Gran parte de los hallazgos de Truffaut son ideas de guión, luego muy bien resueltas en el rodaje. Ver, ahora de nuevo, todo el principio de La femme d’à coté te lo confirma. Descubrimos que la narradora (la que da pie a esa voz en off tan característica de sus películas, inicialmente con su cara sobreimpresionada mirando a cámara, otro elemento característico del cineasta) es coja, ofreciendo así un punto de intriga sobre el origen de la cojera, sus circunstancias y todo lo desencadenado alrededor de ella a lo largo del metraje. Bernard trabaja —como «l’homme qui amait les femmes»— con unas maquetas de barco de gran tamaño, gracias a lo que se añade un punto de originalidad al personaje de Depardieu, muy por encima de lo que brindaría el sempiterno abogado o periodista. Todo está poblado de pequeñas acciones, diálogos al margen, curiosidades, que amueblan como quien no quiere la cosa la trama, dándole un toque de «realidad» para uno u otro espectador que no existiría si todo fuera directo al grano, sin estos minúsculos puntos de atención adicionales.

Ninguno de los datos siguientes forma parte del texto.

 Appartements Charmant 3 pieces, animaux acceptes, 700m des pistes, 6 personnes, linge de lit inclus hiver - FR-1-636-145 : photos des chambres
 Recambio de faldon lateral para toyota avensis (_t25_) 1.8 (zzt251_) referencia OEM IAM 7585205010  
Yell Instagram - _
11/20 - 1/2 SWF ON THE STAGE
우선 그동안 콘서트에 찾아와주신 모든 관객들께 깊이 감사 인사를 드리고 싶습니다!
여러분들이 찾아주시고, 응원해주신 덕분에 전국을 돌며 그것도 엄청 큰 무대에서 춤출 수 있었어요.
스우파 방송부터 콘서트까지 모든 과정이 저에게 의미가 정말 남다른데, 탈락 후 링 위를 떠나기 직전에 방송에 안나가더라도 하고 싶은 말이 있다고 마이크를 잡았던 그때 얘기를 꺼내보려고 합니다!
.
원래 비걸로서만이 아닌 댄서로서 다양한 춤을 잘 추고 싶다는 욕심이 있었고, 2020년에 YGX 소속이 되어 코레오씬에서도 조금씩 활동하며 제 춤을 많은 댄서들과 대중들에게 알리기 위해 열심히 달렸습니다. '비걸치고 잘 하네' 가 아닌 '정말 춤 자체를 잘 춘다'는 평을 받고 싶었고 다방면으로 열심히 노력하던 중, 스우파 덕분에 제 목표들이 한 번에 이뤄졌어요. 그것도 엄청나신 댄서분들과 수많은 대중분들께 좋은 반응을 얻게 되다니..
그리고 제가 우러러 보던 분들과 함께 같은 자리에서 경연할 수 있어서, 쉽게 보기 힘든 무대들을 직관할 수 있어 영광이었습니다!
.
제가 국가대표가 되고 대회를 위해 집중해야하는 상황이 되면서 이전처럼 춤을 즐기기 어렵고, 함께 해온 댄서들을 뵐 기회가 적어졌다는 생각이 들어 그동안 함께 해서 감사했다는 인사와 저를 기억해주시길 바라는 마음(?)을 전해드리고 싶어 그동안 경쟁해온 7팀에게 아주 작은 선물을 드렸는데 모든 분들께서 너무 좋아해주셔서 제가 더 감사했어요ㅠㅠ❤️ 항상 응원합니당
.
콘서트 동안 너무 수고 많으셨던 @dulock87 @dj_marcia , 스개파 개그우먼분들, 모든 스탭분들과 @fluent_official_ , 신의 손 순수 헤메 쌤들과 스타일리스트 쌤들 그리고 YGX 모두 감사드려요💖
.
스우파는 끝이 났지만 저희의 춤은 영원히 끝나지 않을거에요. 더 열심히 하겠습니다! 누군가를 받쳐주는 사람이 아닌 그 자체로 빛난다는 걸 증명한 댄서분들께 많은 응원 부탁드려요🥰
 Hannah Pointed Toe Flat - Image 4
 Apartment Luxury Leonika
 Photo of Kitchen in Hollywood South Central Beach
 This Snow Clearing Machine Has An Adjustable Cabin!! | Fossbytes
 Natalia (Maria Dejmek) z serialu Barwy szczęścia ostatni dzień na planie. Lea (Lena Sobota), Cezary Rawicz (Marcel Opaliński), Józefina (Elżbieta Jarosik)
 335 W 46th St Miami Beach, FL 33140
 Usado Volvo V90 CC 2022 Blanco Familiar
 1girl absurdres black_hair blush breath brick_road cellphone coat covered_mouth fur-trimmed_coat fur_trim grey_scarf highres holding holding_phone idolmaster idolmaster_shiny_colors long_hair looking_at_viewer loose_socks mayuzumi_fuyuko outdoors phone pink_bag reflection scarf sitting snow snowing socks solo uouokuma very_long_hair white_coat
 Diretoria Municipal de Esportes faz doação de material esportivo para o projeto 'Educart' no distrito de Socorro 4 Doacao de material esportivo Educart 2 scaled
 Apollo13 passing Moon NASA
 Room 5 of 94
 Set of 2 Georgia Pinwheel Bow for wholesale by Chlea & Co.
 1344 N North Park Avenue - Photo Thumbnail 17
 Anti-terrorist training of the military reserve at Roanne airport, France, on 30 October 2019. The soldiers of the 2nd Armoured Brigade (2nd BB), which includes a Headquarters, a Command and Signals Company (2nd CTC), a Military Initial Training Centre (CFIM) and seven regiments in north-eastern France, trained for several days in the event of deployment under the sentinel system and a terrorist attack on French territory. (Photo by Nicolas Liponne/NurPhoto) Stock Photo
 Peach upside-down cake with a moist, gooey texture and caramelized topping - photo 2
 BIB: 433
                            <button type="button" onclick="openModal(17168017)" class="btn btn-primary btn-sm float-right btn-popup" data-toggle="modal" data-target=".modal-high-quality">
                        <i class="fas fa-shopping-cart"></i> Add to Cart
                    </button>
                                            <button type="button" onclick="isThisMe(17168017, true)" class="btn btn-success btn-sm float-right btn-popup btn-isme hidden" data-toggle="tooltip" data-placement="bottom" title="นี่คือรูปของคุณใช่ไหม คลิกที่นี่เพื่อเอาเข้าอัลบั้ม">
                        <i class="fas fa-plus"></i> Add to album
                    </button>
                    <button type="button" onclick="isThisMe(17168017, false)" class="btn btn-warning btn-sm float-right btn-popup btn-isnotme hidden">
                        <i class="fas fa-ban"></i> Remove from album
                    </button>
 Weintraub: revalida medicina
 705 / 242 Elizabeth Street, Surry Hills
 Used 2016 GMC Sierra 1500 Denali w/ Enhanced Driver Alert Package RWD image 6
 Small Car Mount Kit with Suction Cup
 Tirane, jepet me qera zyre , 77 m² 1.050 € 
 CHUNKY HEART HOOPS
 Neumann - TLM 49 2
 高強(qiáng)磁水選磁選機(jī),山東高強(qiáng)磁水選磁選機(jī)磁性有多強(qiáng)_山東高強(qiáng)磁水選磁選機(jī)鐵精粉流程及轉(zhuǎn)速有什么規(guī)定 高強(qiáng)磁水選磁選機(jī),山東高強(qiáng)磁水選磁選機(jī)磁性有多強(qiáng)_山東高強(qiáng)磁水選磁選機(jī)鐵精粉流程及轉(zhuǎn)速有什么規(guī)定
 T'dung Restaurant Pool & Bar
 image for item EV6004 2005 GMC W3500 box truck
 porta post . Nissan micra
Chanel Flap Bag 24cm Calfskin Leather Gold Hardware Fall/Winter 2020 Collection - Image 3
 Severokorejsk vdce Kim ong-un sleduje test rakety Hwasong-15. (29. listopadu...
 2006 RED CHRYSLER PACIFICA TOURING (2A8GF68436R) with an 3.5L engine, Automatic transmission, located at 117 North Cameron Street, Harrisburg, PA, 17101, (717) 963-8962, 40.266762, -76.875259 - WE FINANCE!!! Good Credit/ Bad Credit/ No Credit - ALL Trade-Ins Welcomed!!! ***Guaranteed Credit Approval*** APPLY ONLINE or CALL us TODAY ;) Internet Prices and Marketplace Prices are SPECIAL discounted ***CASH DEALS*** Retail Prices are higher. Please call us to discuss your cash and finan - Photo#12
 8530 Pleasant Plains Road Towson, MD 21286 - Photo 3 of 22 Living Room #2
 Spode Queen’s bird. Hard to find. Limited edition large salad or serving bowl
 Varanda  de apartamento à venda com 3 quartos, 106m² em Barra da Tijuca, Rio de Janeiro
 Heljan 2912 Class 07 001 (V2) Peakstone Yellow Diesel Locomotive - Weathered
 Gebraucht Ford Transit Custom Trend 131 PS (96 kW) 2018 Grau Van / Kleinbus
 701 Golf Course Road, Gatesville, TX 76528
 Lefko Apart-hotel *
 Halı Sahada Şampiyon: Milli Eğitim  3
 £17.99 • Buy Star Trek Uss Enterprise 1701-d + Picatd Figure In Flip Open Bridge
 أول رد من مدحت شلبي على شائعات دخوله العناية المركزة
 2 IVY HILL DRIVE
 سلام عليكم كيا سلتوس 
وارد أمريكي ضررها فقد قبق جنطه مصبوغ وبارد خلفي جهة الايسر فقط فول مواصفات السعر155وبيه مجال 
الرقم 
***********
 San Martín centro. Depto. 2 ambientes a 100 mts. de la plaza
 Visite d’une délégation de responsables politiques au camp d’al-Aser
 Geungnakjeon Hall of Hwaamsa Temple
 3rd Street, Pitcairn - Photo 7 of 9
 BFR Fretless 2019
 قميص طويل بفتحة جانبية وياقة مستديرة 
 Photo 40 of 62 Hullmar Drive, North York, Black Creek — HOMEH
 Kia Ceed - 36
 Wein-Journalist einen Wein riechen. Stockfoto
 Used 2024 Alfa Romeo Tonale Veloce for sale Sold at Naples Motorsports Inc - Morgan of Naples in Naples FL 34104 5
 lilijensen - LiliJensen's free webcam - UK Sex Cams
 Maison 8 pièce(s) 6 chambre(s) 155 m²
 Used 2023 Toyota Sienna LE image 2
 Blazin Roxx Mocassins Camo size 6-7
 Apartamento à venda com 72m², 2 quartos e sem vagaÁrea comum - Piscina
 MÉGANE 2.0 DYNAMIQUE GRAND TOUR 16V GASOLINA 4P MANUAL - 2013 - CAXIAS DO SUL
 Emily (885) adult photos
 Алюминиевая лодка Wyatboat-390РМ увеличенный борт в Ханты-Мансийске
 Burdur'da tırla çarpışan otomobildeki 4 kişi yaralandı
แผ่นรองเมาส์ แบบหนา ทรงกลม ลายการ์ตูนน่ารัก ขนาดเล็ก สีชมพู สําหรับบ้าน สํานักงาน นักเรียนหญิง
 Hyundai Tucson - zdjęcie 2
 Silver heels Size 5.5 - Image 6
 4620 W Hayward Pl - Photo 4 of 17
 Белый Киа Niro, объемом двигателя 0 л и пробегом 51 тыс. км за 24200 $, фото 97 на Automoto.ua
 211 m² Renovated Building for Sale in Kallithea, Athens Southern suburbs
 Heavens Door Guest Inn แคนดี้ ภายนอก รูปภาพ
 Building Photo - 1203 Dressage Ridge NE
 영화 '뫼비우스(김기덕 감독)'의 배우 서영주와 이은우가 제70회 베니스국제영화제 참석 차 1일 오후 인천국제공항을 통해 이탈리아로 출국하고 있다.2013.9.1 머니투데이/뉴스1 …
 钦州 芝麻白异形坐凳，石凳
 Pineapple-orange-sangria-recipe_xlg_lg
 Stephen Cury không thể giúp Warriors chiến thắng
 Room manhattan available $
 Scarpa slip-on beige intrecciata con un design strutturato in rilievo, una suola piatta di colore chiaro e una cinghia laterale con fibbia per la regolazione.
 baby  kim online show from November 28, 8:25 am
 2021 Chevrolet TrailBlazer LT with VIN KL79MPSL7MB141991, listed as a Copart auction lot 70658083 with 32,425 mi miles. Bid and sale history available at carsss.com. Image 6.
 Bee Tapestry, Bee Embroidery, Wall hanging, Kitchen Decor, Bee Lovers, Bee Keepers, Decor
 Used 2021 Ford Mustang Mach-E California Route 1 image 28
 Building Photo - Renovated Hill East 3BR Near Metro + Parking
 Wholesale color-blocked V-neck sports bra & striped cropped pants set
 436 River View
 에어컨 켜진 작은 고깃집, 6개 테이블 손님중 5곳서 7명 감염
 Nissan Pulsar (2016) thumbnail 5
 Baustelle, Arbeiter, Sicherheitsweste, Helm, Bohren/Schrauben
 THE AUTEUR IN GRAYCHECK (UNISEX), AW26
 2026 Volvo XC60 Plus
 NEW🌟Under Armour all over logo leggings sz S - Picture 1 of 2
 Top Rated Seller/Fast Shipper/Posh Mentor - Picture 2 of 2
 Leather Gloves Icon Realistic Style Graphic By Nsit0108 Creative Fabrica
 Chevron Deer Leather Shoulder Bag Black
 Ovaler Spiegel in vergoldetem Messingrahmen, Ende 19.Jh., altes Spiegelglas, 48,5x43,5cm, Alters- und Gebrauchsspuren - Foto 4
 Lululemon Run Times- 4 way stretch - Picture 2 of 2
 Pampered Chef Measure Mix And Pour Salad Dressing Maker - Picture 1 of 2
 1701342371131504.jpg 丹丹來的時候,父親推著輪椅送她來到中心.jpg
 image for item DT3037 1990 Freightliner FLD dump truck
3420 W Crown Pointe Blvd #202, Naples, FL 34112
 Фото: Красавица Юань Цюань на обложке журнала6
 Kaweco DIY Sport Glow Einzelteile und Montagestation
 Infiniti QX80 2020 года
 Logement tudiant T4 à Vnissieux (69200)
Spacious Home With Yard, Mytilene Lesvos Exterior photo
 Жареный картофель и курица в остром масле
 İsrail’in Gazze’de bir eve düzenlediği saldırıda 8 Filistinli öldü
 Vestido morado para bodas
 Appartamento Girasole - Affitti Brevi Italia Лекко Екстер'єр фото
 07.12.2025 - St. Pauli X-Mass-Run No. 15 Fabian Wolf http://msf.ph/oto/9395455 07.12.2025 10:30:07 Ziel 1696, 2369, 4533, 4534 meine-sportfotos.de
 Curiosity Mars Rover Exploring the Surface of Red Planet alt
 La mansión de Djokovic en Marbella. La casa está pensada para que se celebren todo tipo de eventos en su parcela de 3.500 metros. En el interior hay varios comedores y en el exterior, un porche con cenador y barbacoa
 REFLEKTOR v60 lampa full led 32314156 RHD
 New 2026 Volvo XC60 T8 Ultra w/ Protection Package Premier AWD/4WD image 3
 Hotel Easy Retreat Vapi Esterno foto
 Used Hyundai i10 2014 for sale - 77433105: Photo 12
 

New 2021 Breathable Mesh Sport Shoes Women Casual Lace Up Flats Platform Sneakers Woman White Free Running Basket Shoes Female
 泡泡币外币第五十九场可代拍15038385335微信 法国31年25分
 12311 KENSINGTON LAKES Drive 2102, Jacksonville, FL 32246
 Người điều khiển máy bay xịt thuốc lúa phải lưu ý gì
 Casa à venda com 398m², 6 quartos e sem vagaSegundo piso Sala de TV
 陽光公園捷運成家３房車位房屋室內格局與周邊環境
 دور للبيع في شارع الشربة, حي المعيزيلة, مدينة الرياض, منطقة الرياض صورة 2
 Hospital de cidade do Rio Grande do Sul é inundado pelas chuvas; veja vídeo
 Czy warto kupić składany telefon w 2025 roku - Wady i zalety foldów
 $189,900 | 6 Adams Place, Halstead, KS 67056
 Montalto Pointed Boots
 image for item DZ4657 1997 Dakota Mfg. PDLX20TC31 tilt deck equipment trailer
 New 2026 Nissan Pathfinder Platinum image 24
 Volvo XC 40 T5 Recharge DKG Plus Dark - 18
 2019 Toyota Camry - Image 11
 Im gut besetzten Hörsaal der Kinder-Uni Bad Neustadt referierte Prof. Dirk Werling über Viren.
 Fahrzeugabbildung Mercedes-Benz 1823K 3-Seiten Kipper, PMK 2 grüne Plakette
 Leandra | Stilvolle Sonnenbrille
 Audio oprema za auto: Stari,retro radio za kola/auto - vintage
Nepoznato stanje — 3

Pero Truffaut también tenía mano para que alguno de sus personajes diera a entender de forma inesperada, fulgurante, la pasión que le consume por dentro. Aquí es Mathilde (Fanny Ardant), tras la caricia que le da Bernard en el parking, después de haberse reencontrado tantos años después de su relación y haber serenamente acordado ambos continuar felizmente como amigos, olvidando todo lo que hubo entre ellos, quien cae fulminada al suelo. Todo el recuerdo del fuego que la consumía le sube a la cabeza provocándole un desmayo. Es con elementos así, colocados sin miedo al ridículo, como Truffaut va confeccionando una película de esas de amor más allá de la muerte, que entusiasmaría a los surrealistas.
Esa Fanny Ardant, siempre tan bien puesta y segura de sí misma, cayendo a mis pies, indefensa, cuál pobre pajarillo, me llegó al fondo del alma.